A kind gentleman, Mr. Durance, as Daniel Skepsey had recent cause to
know, but often exceedingly dark; not so patriotic as desireable, it was
to be feared; and yet, strangely indeed, Mr. Durance had said cogent
things on the art of boxing and on manly exercises, and he hoped--he was
emphatic in saying he hoped--we should be regenerated. He must have
meant, that boxing--on a grand scale would contribute to it. He said,
that a blow now and then was wholesome for us all. He recommended a
monthly private whipping for old gentlemen who decline the use of the
gloves, to disperse their humours; not excluding Judges and Magistrates:
he could hardly be in earnest. He spoke in a clergyman's voice, and said
it would be payment of good assurance money, beneficial to their souls:
he seemed to mean it. He said, that old gentlemen were bottled vapours,
and it was good for them to uncork them periodically. He said, they
should be excused half the strokes if they danced nightly--they resented
motion. He seemed sadly wanting in veneration.

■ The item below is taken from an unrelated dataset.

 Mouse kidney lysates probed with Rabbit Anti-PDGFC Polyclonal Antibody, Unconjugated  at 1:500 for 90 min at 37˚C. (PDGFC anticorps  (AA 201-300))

But he might not positively intend what he said. Skepsey could overlook
everything he said, except the girding at England. For where is a braver
people, notwithstanding appearances! Skepsey knew of dozens of gallant
bruisers, ready for the cry to strip to the belt; worthy, with a little
public encouragement, to rank beside their grandfathers of the Ring, in
the brilliant times when royalty and nobility countenanced the manly art,
our nursery of heroes, and there was not the existing unhappy division of
classes. He still trusted to convince Mr. Durance, by means of argument
and happy instances, historical and immediate, that the English may
justly consider themselves the elect of nations, for reasons better than
their accumulation of the piles of gold-better than 'usurers' reasons,'
as Mr. Durance called them. Much that Mr. Durance had said at intervals
was, although remembered almost to the letter of the phrase, beyond his
comprehension, and he put it aside, with penitent blinking at his
deficiency.
All the while, he was hearing a rattle of voluble tongues around him, and
a shout of stations, intelligible as a wash of pebbles, and blocks in a
torrent. Generally the men slouched when they were not running. At Dieppe
he had noticed muscular fellows; he admitted them to be nimbler on the
legs than ours; and that may count both ways, he consoled a patriotic
vanity by thinking; instantly rebuking the thought; for he had read
chapters of Military History. He sat eyeing the front row of figures in
his third-class carriage, musing on the kind of soldiers we might, heaven
designing it, have to face, and how to beat them; until he gazed on
Rouen, knowing by the size of it and by what Mr. Durance had informed him
of the city on the river, that it must be the very city of Rouen, not so
many years back a violated place, at the mercy of a foreign foe. Strong
pity laid hold of Skepsey. He fortified the heights for defence, but saw
at a glance that it was the city for modern artillery to command, crush
and enter. He lost idea of these afflicted people as foes, merely
complaining of their attacks on England, and their menaces in their
Journals and pamphlets; and he renounced certain views of the country to
be marched over on the road by this route to Paris, for the dictation of
terms of peace at the gates of the French capital, sparing them the
shameful entry; and this after the rout of their attempt at an invasion
of the Island!
A man opposite him was looking amicably on his lively grey eyes. Skepsey
handed a card from his pocket. The man perused it, and crying: 'Dreux?'
waved out of the carriage-window at a westerly distance, naming Rouen as
not the place, not at all, totally other. Thus we are taught, that a
foreign General, ignorant of the language, must confine himself to
defensive operations at home; he would be a child in the hands of the
commonest man he meets. Brilliant with thanks in signs, Skepsey drew from
his friend a course of instruction in French names, for our necessities
on a line of march. The roads to Great Britain's metropolis, and the
supplies of forage and provision at every stage of a march on London, are
marked in the military offices of these people; and that, with their
barking Journals, is a piece of knowledge to justify a belligerent return
for it. Only we pray to be let live peacefully.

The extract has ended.